WORK INSTRUCTIONS
When you retype the records that follow, keep each word as it is and drop any pictures.
[SOURCE DATA — start]
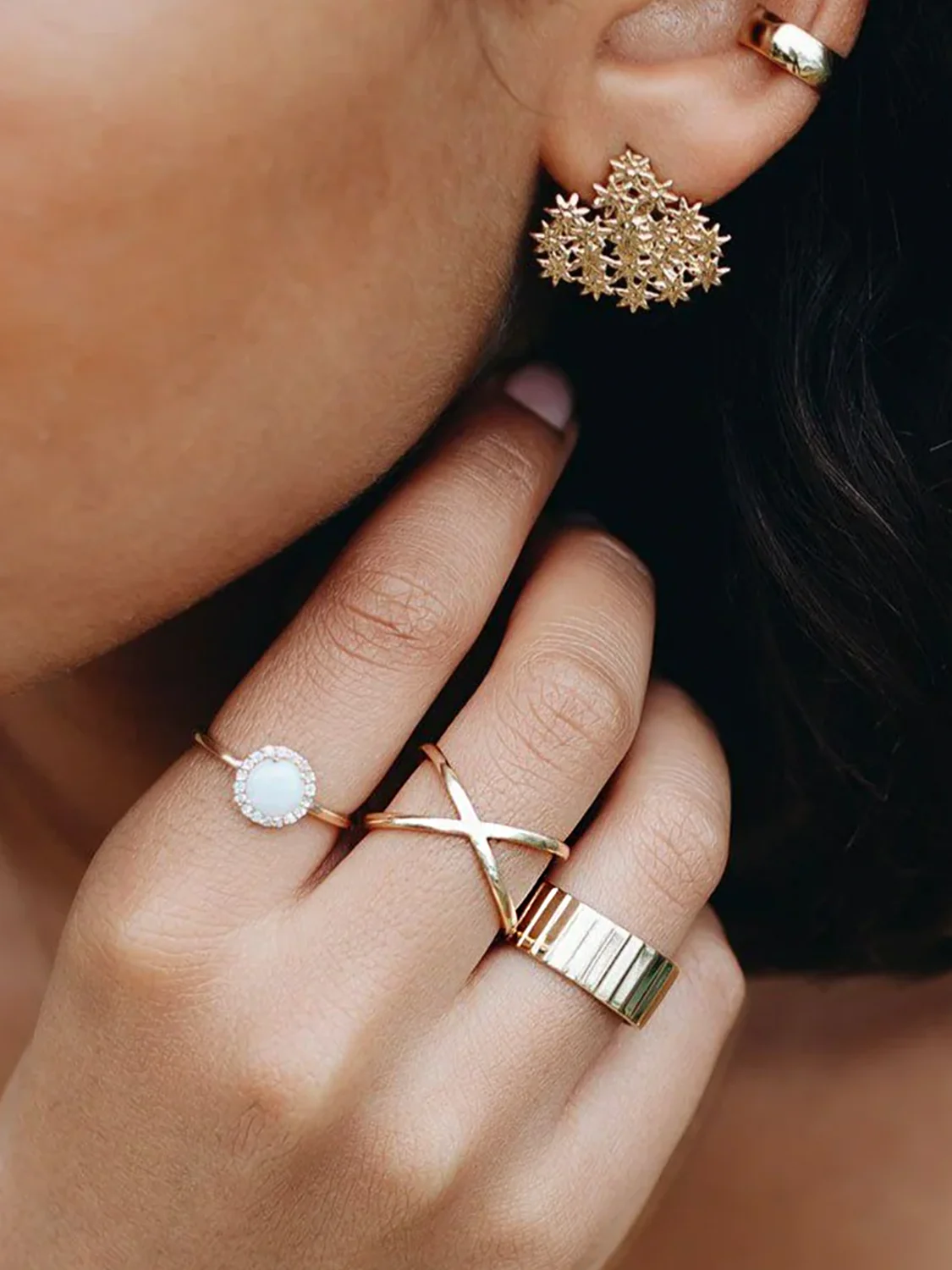 Crisscross Band Ring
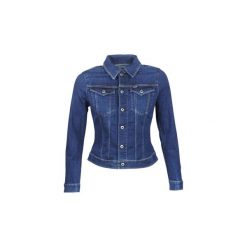 Kurtki jeansowe G-Star Raw 3302 SLIM JACKET. Niebieskie kurtki damskie marki G-Star RAW, s, bez wzorów, z jeansu, retro, bez kaptura. Za 569,00 zł.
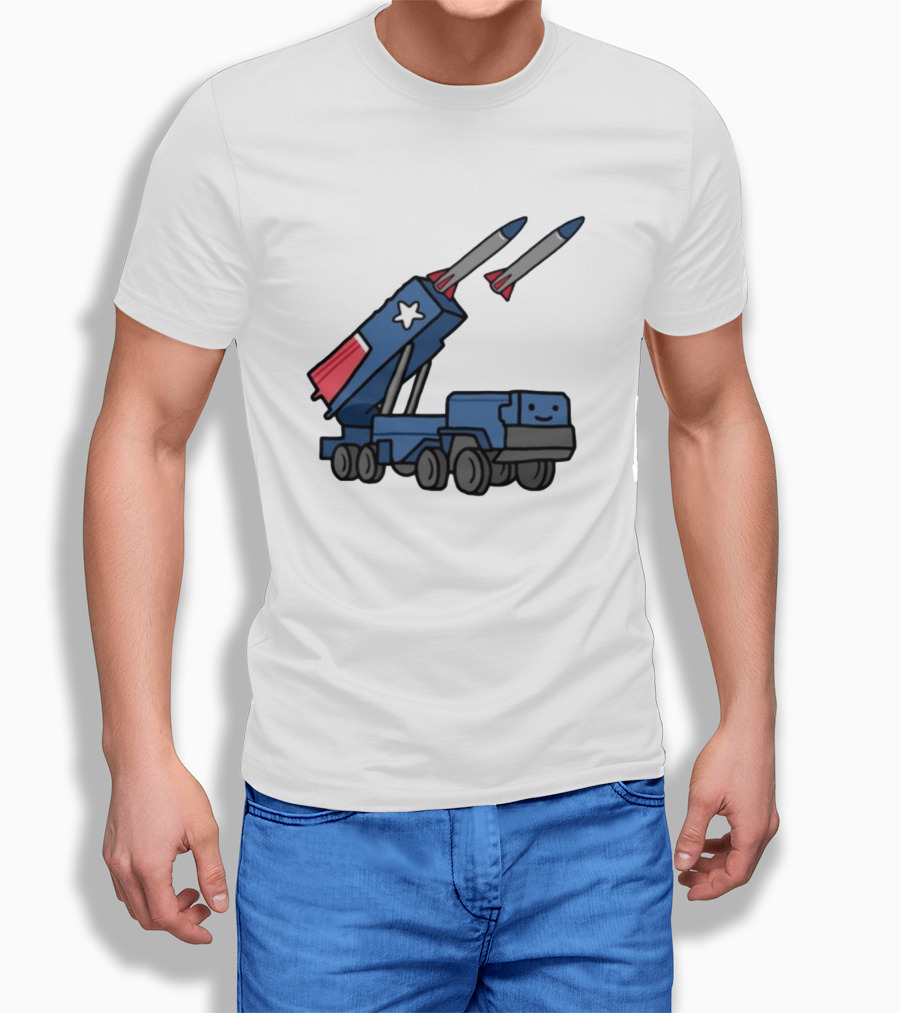 New England Patriots Missile Launcher Truck T-Shirt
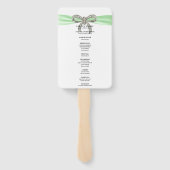 Éventail Programme de mariage de la corbeille de diamant ve (Dos)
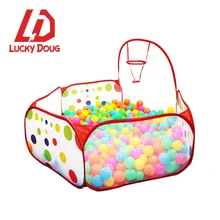 Ball Pool Pit With Basket Ocean Playhouse Baby Playpen Tent Outdoor Toys For Children Foldable Ballenbak Gifts  Summer Party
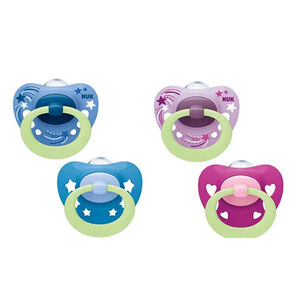 Nuk Signature Night Πιπίλα Σιλικόνης που Λάμπει στο Σκοτάδι 18-36m, 1τεμ 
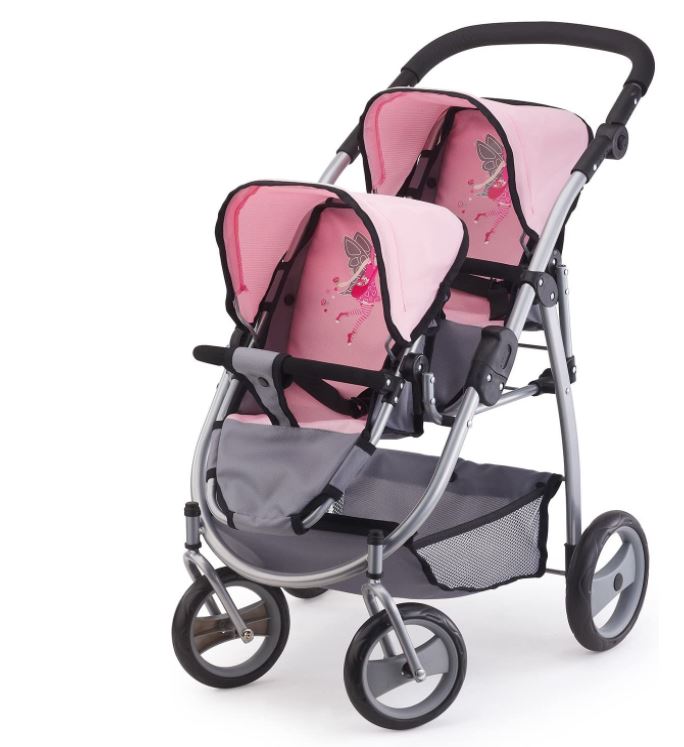 BAYER Wózek spacer.Twin j.róż+szary 26508AA/ 65088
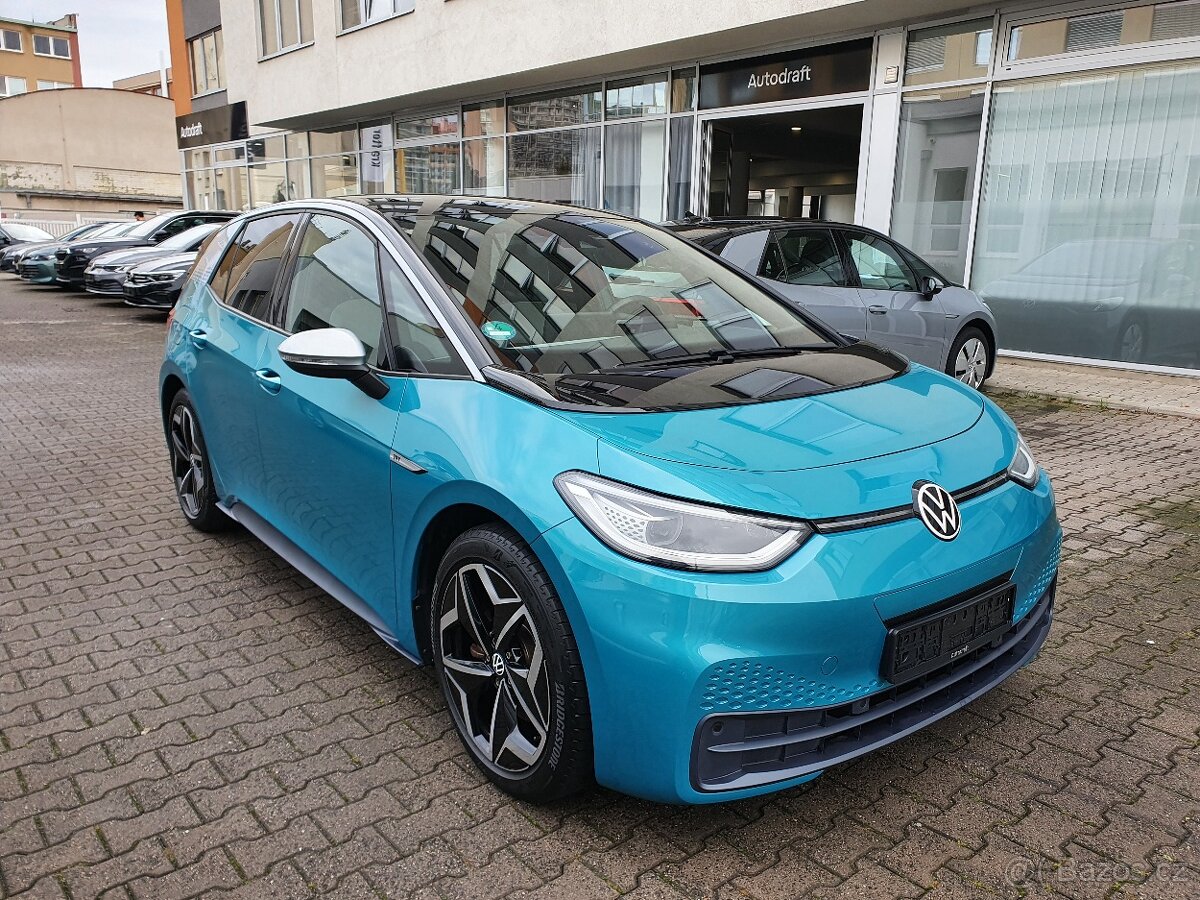 VW ID.3 Pro Performance 39tkm ACC 150kW - záruka Autodraft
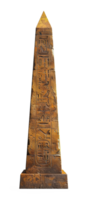 egyptisk obelisk med hieroglyfer, skära ut - stock .. png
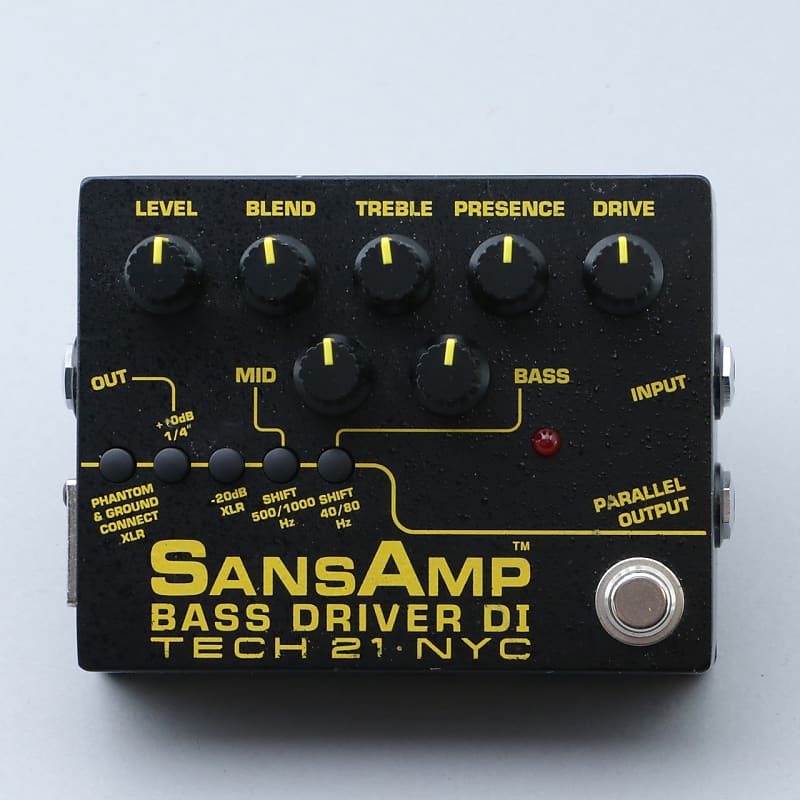 Tech 21 SansAmp Bass Driver DI Bass Guitar Effects Pedal P-23852 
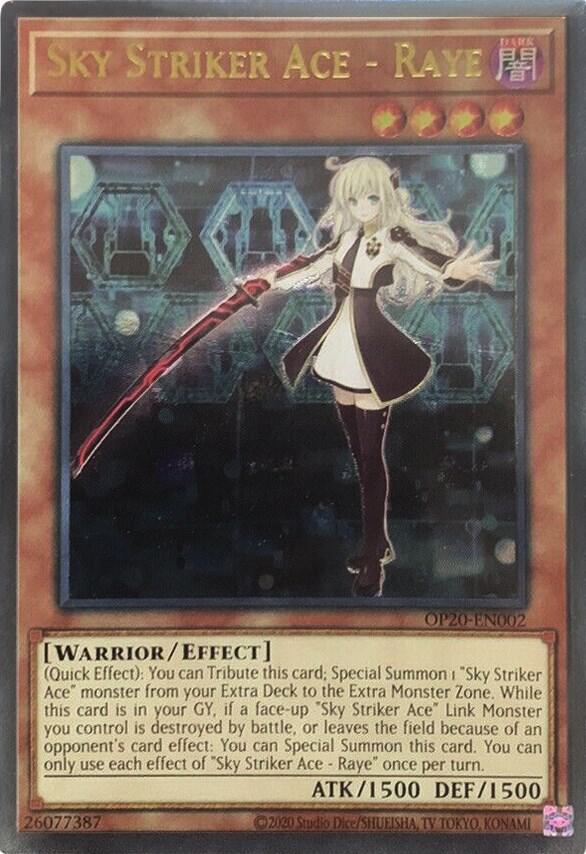 Sky Striker Ace - Raye (UTR) card image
[SOURCE DATA — finish]
TASK ANSWER
 Crisscross Band Ring
 Kurtki jeansowe G-Star Raw 3302 SLIM JACKET. Niebieskie kurtki damskie marki G-Star RAW, s, bez wzorów, z jeansu, retro, bez kaptura. Za 569,00 zł.
 New England Patriots Missile Launcher Truck T-Shirt
 Éventail Programme de mariage de la corbeille de diamant ve (Dos)
 Ball Pool Pit With Basket Ocean Playhouse Baby Playpen Tent Outdoor Toys For Children Foldable Ballenbak Gifts  Summer Party
 Nuk Signature Night Πιπίλα Σιλικόνης που Λάμπει στο Σκοτάδι 18-36m, 1τεμ 
 BAYER Wózek spacer.Twin j.róż+szary 26508AA/ 65088
 VW ID.3 Pro Performance 39tkm ACC 150kW - záruka Autodraft
 egyptisk obelisk med hieroglyfer, skära ut - stock .. png
 Tech 21 SansAmp Bass Driver DI Bass Guitar Effects Pedal P-23852 
 Sky Striker Ace - Raye (UTR) card image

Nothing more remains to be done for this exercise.